SJB, SLFP and dissident SLPP support was necessary for the amendment to get through with the required two thirds majority. The president understood that very well and he would have socked that into the SLPP that elected him president. Given that he only has the assured support of the solitary UNPer who succeeded him in his party’s single national list slot in parliament, Wickremesinghe remains a prisoner of the SLPP in the legislature until February next year when the constitution empowers him to dissolve parliament. Whether he has held out any assurances that he would not do that, and those MPs who would not qualify for a parliamentary pension if they do not have five years parliamentary service would be apprehensive of an early dissolution, he has levers to pressure sections of the SLPP if required.
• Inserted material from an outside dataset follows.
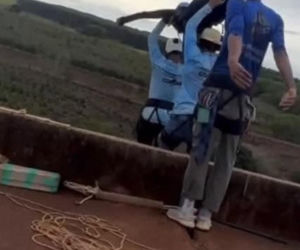 Horror podczas skoku na bungee! Zapomnieli o linie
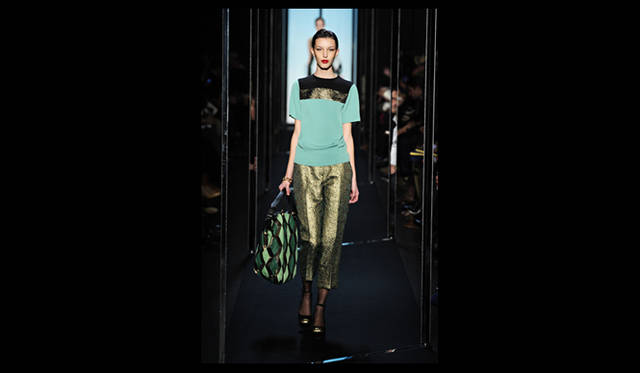 <strong>DIANE VON FURSTENBERG｜ダイアン フォン ファステンバーグ</strong> 2011年秋冬コレクション速報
Justifying his stand, Sagara Kariyawasam pointed out that a Briton of Indian origin has become the prime minister of the UK and urged that the world was now becoming or has become a global village. Implicit in that remark is “why can’t dual citizen Basil retain his U.S. and Sri Lanka citizenships and enjoy the rights of both?” Rishi Sunak was born in Britain, schooled there and graduated from Oxford. His parents immigrated to the UK from East Africa. But comparing Sunak’s case to Basil’s is like comparing chalk and cheese. Basil was born here and sought greener pastures in the U.S., possibly for economic reasons, and acquired citizenship there. He came back after this side of the fence became even greener with MR’s election. Unlike GR, he is unwilling to renounce that citizenship in return for elected office. He has not discussed the reasons for this stance. Reportedly he has a home in the U.S. but not in Malwana according to a court determination. Kariyawasam obviously wants to help Basil to butter his bread on both sides.